FOR MOST OF the past four months, the people of Wukan, a town of about 20,000 in Southern China, were in open revolt against the local Communist Party authorities. The uprising began as a protest against officials’ decision to sell a village-owned pig farm to developers of luxury housing for $156 million, precious little of which wound up in the hands of townspeople. The protests intensified after a leader’s death, which Wukan residents blamed on a severe beating from police. With local Communist officials ousted by the people, China’s higher-ranking authorities were forced to negotiate.
The villagers and the party have now reached a settlement, involving the return of the dead man’s remains, though the fate of the land deal that started it all is not clear. What is certain is that events in Wukan expressed deep structural flaws within Chinese society — defects which, if left unresolved, could have repercussions for the entire world.
The land sale was a typical transaction in China, where all real estate ultimately belongs to the state and where local governments, lacking other sources of revenue, fund themselves by selling public property for development. This has been a big business in China during the past few years, as housing prices have soared and China’s savings have been poured into speculative land deals. In that sense, the dispute in Wukan is also typical: Corrupt land sales, and the resulting dislocations of local residents, are one of the leading causes of unrest across China.
China has depended on rising real estate prices not only for local government funding but also for much of its growth in recent years. As Tsinghua University business professor Patrick Chovanec reports in Foreign Affairs, residential real estate construction now accounts for a tenth of China’s gross domestic product, compared with 6 percent of U.S. GDP at the peak of this country’s housing bubble in 2005. Prices have started to plummet in Shanghai and Beijing, leading to despair, and even small-scale violence, among those who invested life savings in costly but now unmarketable apartments.
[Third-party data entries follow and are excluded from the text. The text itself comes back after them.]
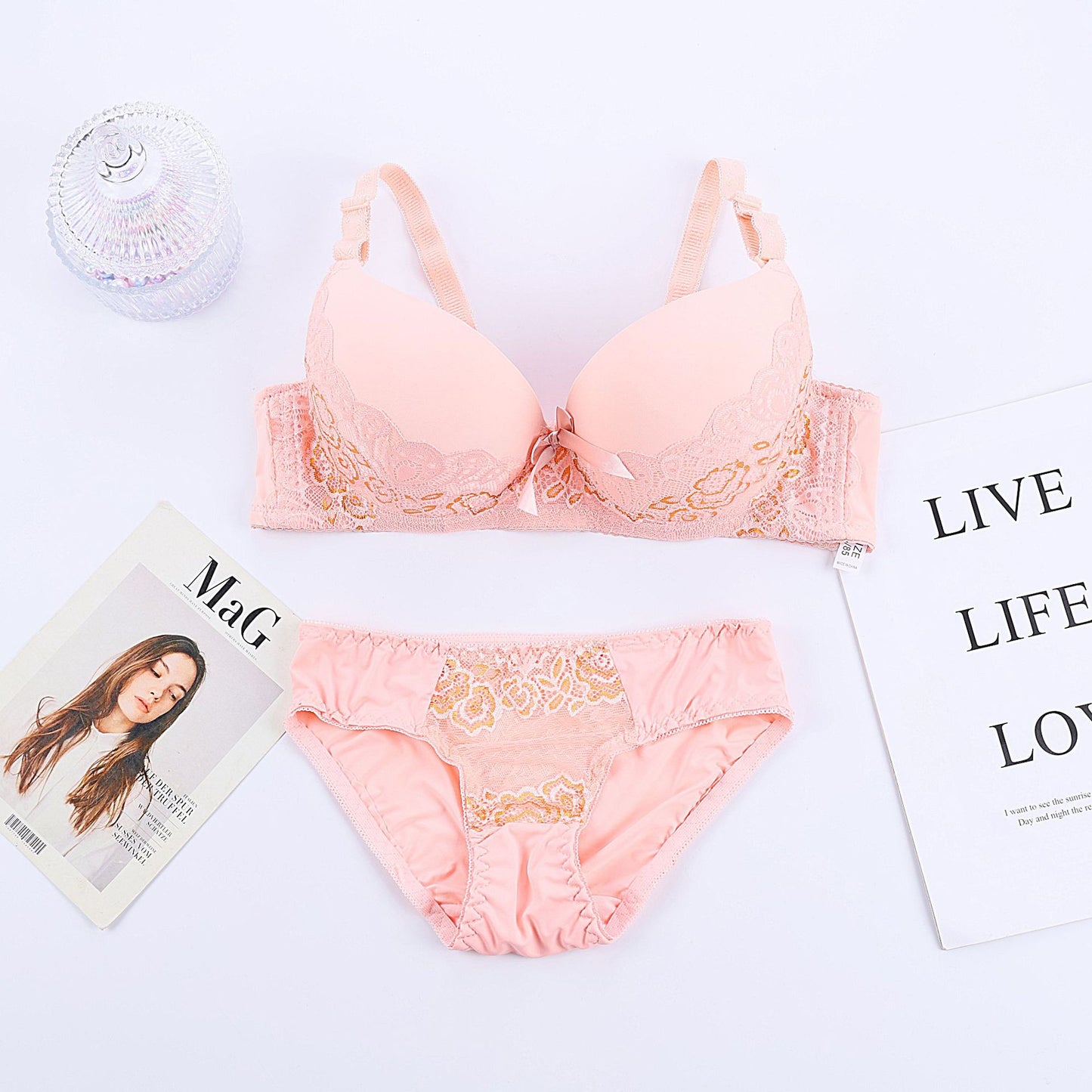 Women charming lace sexy lingerie set beautiful bra and panty set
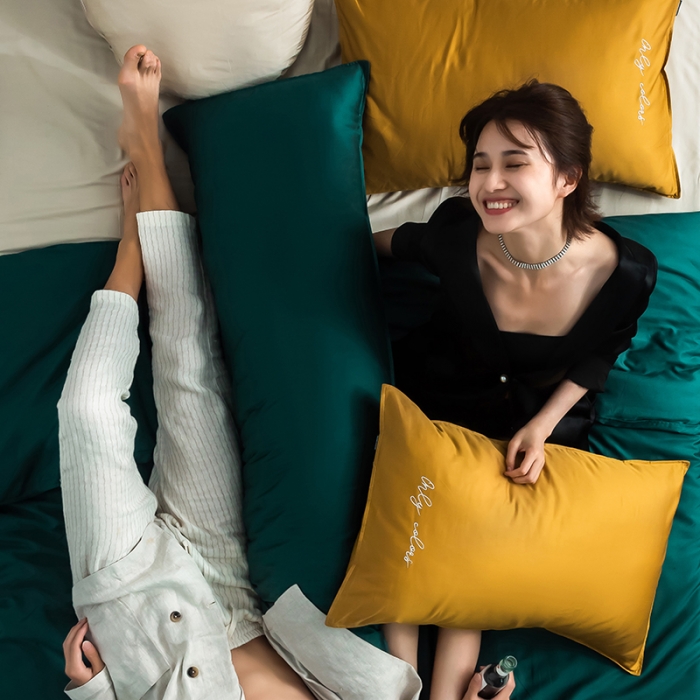 91家纺网 家纺一手货源 找家纺 狠狠爱 2020新款60S长绒棉刺绣撞色四件套 黄墨绿卡宾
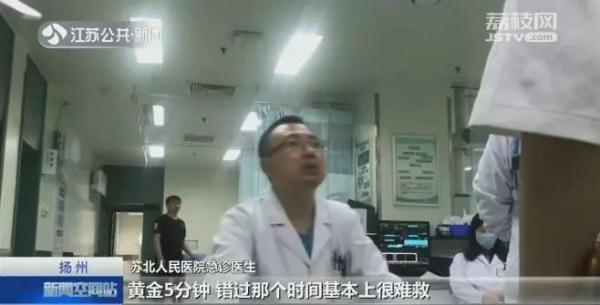 小孩吞咽异物被噎着,孩子吃饭不小心噎到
Indeed, the Communist officials in Wukan who managed to sell the pig farm were lucky: More than 100 local government land auctions failed in November, according to Chovanec.
The potential consequences of a Chinese bubble-burst are immense. They range from a huge and expensive bailout of local governments by China’s central authorities to a drop in global demand for iron, copper, lumber and heavy construction equipment.
At first, the run-up in Chinese real estate was warranted by the country’s rapid urbanization. But what has kept it going long past the point of sustainability is, ultimately, a lack of freedom: In this case, strict capital controls that prevent most Chinese citizens from investing their hard-earned money as they choose. With state-owned banks offering paltry interest, and China’s stock market still an underdeveloped casino, the only alternative was real estate.
The solution to China’s internal economic imbalances is to be found in the same direction as the solution to the protests bubbling up in Wukan and elsewhere. The society must be opened to a range of free choice, economic and political, commensurate with its level of economic advancement. On the willingness of Communist authorities to change rides the fate not only of China’s people but of many other nations whose economies and futures are intertwined with theirs.